そこは投影していますね。森若さんのキャラクター造形以外でも、皆で一冊の書籍を共有する時には貼り付ける付箋の色を個人別に決めておくというエピソードや、仕事中にコーヒーだけを買いに行くのは駄目だけど用事にあわせてならよいというルールなど、細かいところに自分の経験が反映されています。

読者のレスポンスを反映させたストーリー作り

――作中では、個性豊かなキャラクターが登場します。

森若さんは生活まわりの細かい描写を書くのが楽しいし、太陽くんは単純で表裏のない男の子で可愛いなと思っています。中途入社の経理部員・麻吹美華は当初は嫌われ者の立ち位置でいく予定でしたが、予想外に人気が出たので路線を変更して今のような人物像になりました。他にも経理部員では森若さんの上司の田倉勇太郎がお気に入りで、つい試練を与えたくなってしまいます。

――読者の声を積極的に拾って作品に反映されているようですが、それが青木さんの執筆スタイルなのでしょうか。

すべての作品でこういう書き方をするわけではありませんが、『経費』に関しては、読者のレスポンスを意識しています。特にリアルに組織で働いている人たちがどう思うかは気になりますね。森若さんと太陽くんのロマンスについては、コバルト文庫を書いていたときと同じように、恋愛っていいなと思ってもらえるように書きたいと思っています。

最新刊の9巻では二人の関係が重要な局面を迎えますが、シリーズを続けるうえでこの話を避けては通れません。

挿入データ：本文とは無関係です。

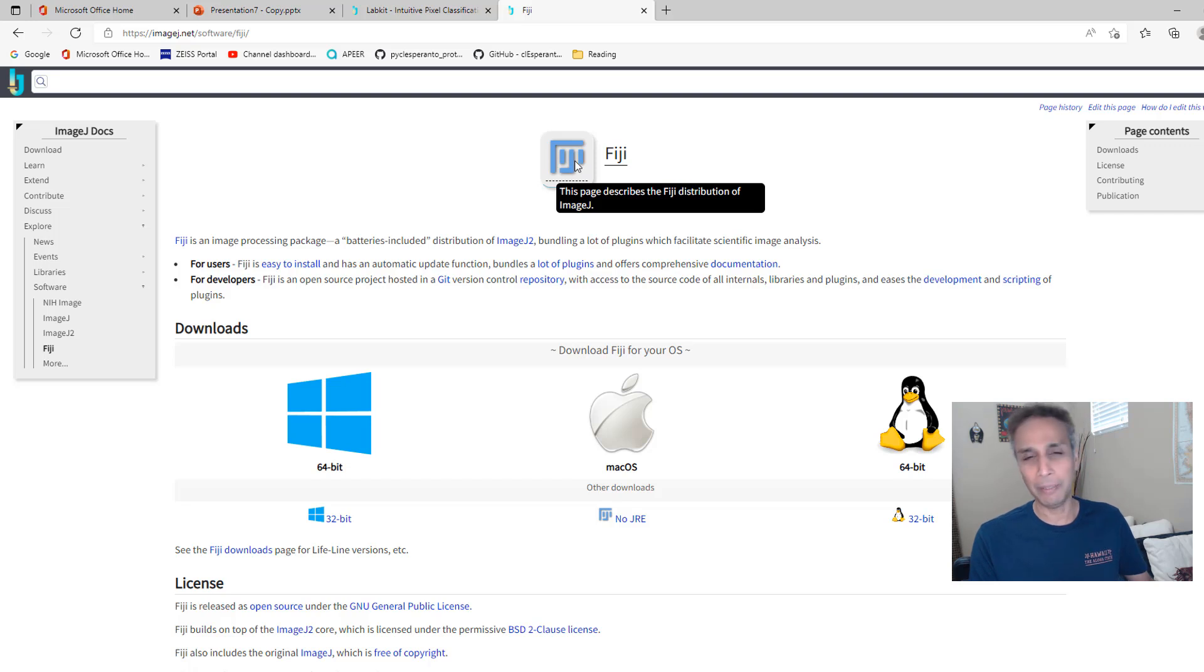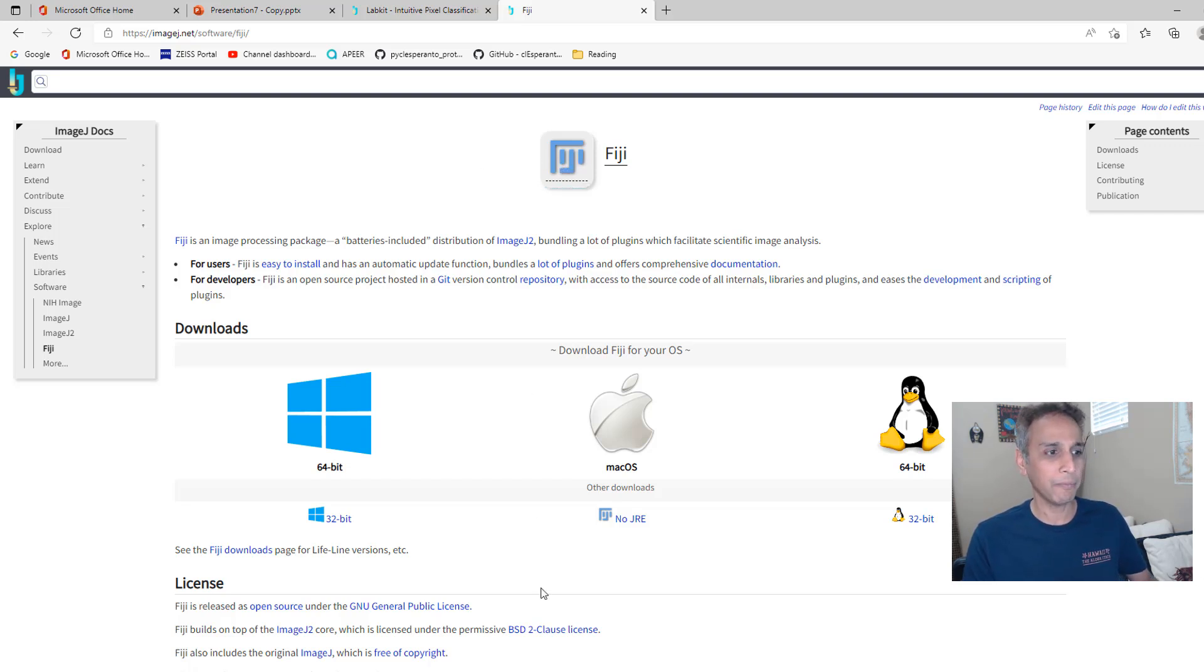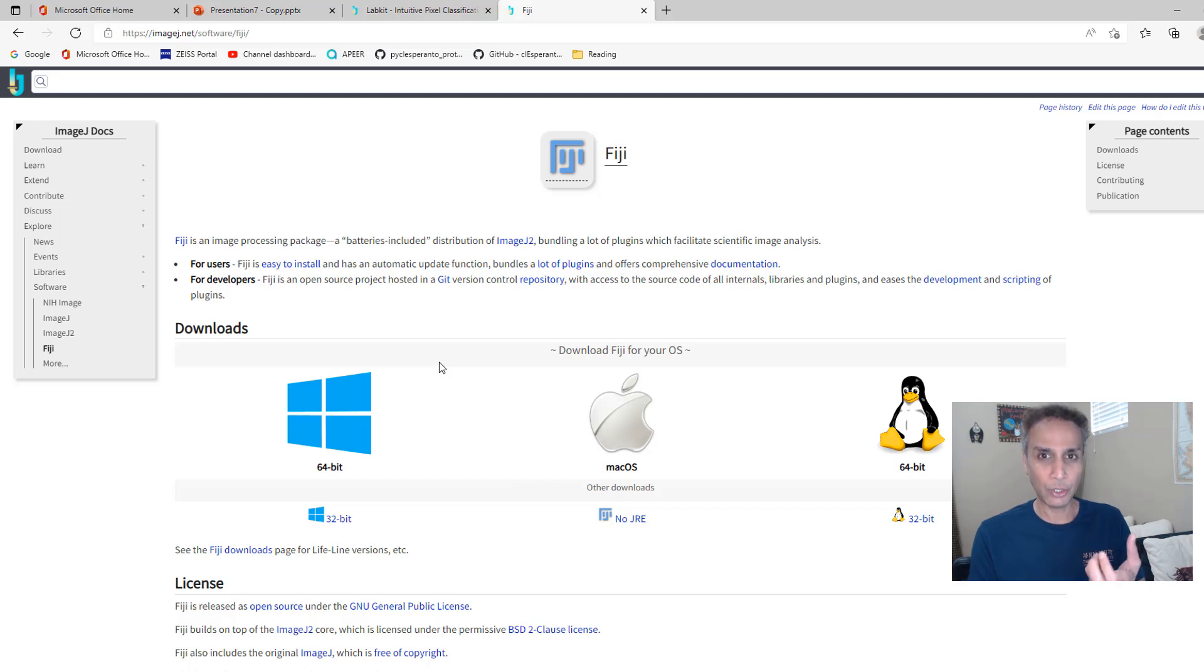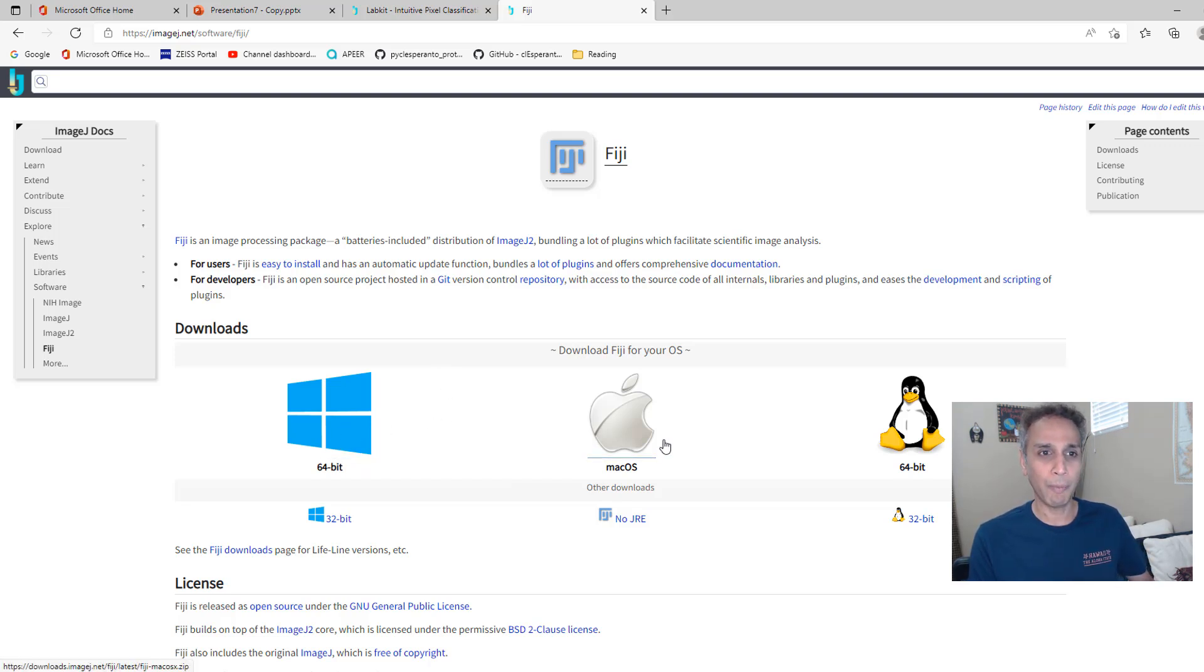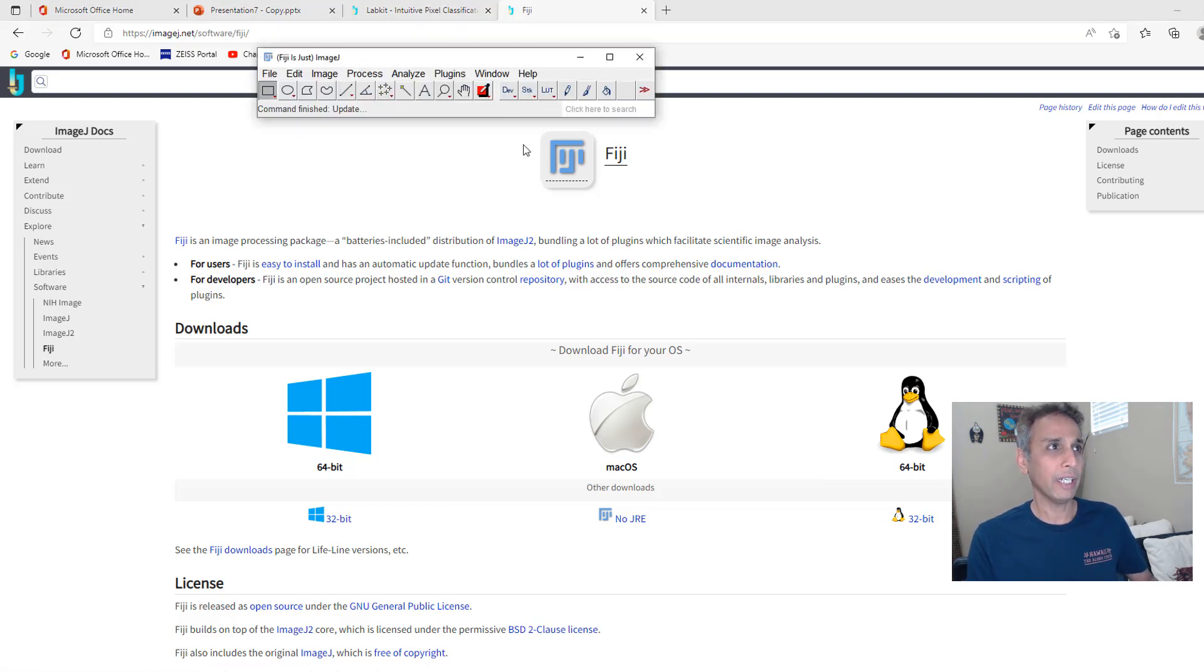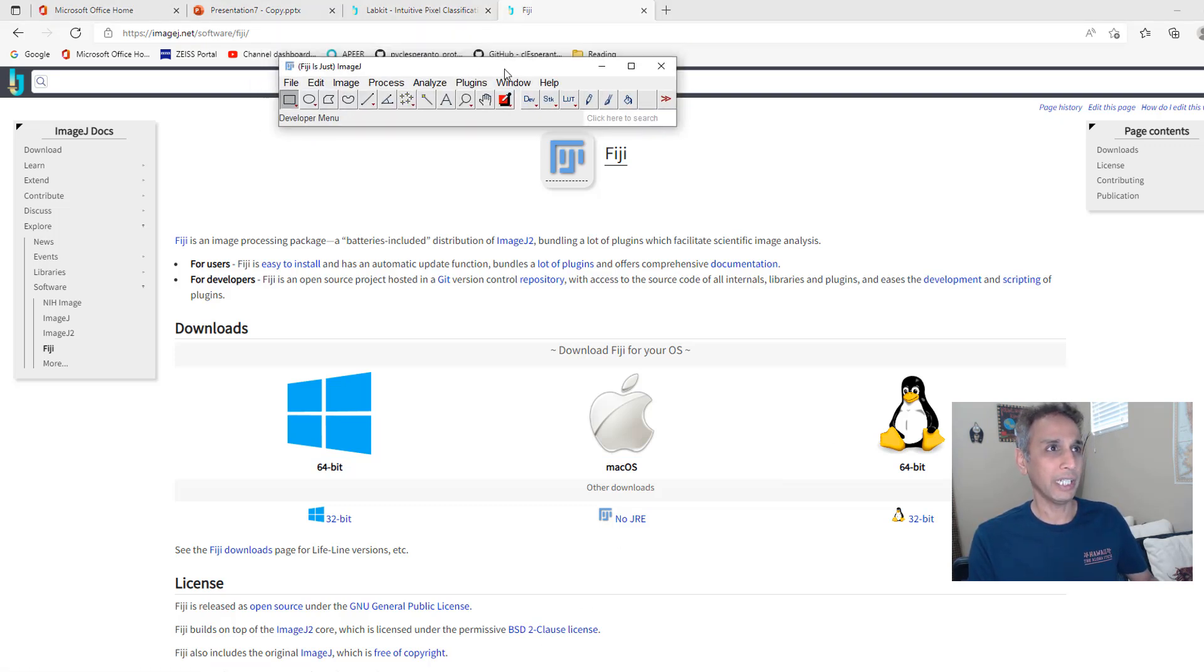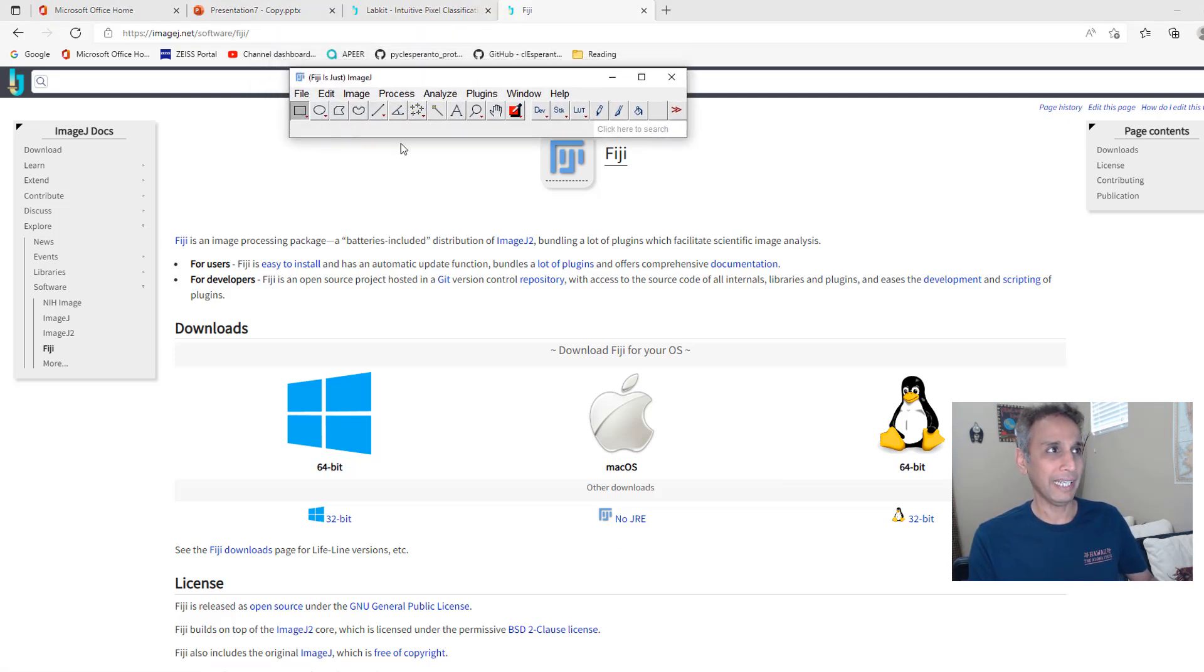Go ahead and download ImageJ or Fiji, it doesn't matter. Eventually what you'll end up with is an executable that you can execute in your Windows system or Mac or Linux and when you fire it up, when you open it, it looks something like this.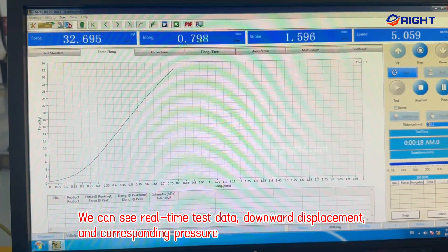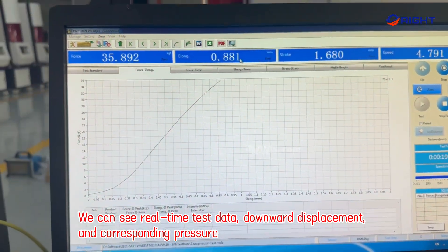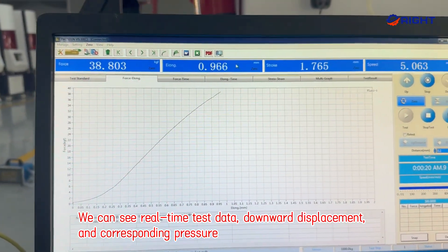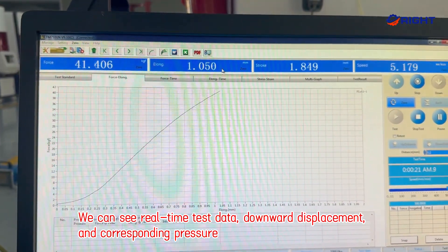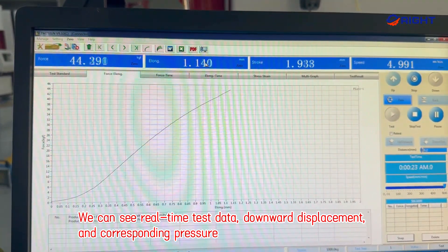We can see real-time test data, downward displacement, and corresponding pressure.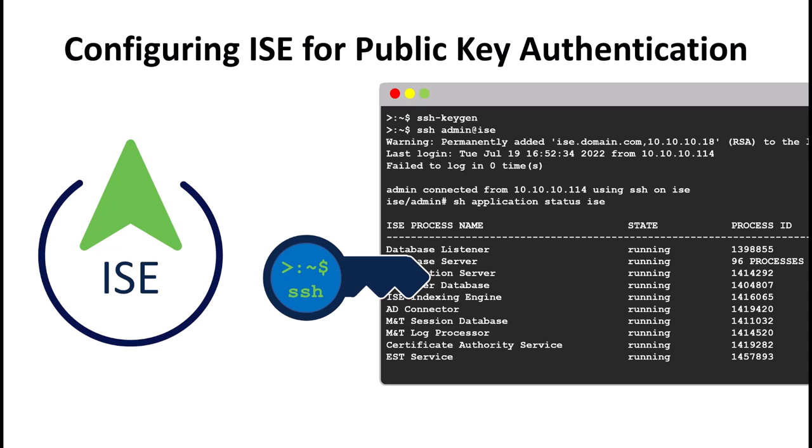Today I'm going to show you how to create a public key using Linux and then configure your ICE server to use that public key for SSH authentication. This process is only available in ICE 3.2 and newer and it was part of the security update.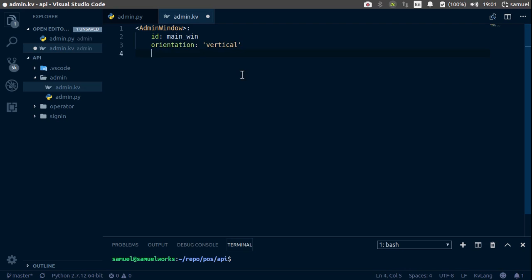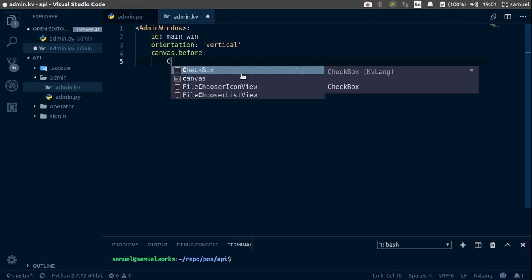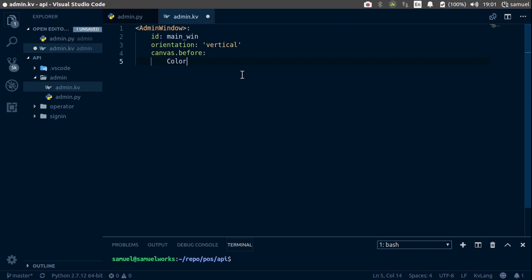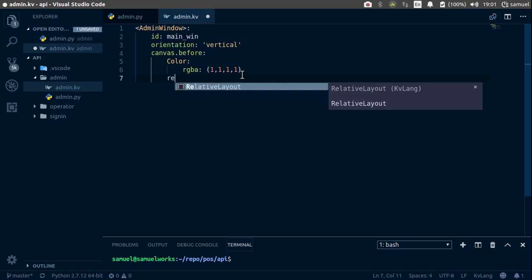Let's change the background to canvas.before and color RGBA format and we want this to be white. Rectangle.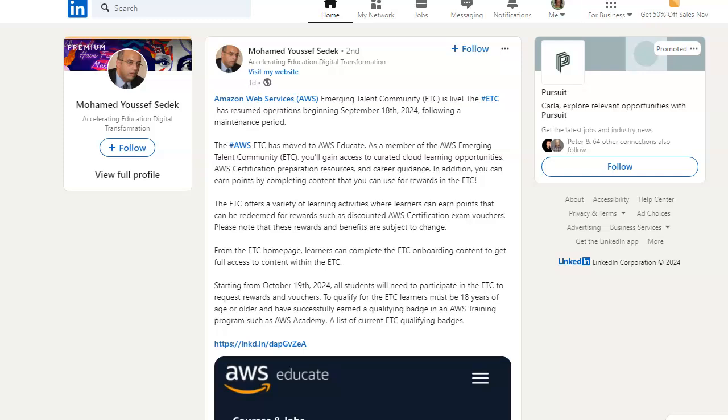For those who are wondering, it's official: the Amazon Web Services Emerging Talent Community is live. Starting September 18th, this is the 23rd, it's officially on AWS Educate. So I checked it out.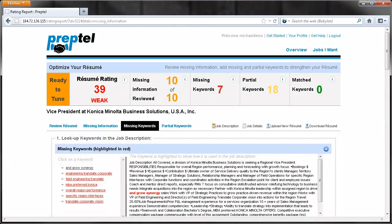The third tab, Missing Keywords, shows us a list of keywords that automated systems will be looking for. By adding the missing keywords to our resume, we are improving our chances of being a highly rated applicant for this job.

とはいえ、人生の選択肢はひとつではありません。何が良い悪いではなく、何を選ぶかである、という森若さんの姿勢は崩さないつもりです。

――『経費』はテレビドラマ化されて好評を博しました。メディアミックスをきっかけに読者層も広がったのではないでしょうか。

読者層の主力は働いている女性ですが、会社が舞台のお話なのでサラリーマンの方が買ってくださったり、ドラマがきっかけで普段は本を読まない方や、ジャニーズファンの方も手に取ってくれました。そうした方が今も読み続けてくださっているのがとてもありがたいですね。

【働く少女の物語をコバルト文庫で】

――コバルト文庫時代の代表作『ヴィクロテ』は、イギリスのヴィクトリア朝を舞台にした物語です。なぜこの時代をモチーフに選ばれたのでしょうか。

『ヴィクロテ』以前はファンタジー小説を書いていましたが、完全に行き詰まっていて、違う路線を模索する中で自分の好きなヴィクトリア時代というモチーフが思い浮かびました。コバルト文庫で谷瑞恵さんの『伯爵と妖精』という、ヴィクトリア朝を舞台にした作品がヒットしていたのも後押しになりました。

妖精の姿が見える少女・リディアの痛快冒険ファンタジー

――本作は恋を叶えるドレスを作ると評判のクリスと、公爵の息子シャーリーを中心とした、お仕事もの×ロマンス小説です。今でこそお仕事小説が流行っていますが、『ヴィクロテ』がスタートした2005年の時点では、手に職をもった少女主人公という設定は珍しかったと思います。

海外では働く女性を主人公にしたライトな小説がいろいろあります。とりわけソフィー・キンセラの作品が好きでした。こういうのが日本でもあればよいのに、私も働く女の人を書きたいけどコバルトでは無理だよね、と作家仲間と話していた時に、コバルトでもいける設定の職業にすればよいのではとアドバイスをもらいました。そこからアイディアを広げる中で、仕立屋『薔薇色(ローズ・カラーズ)』を営むクリスというキャラクターが生まれました。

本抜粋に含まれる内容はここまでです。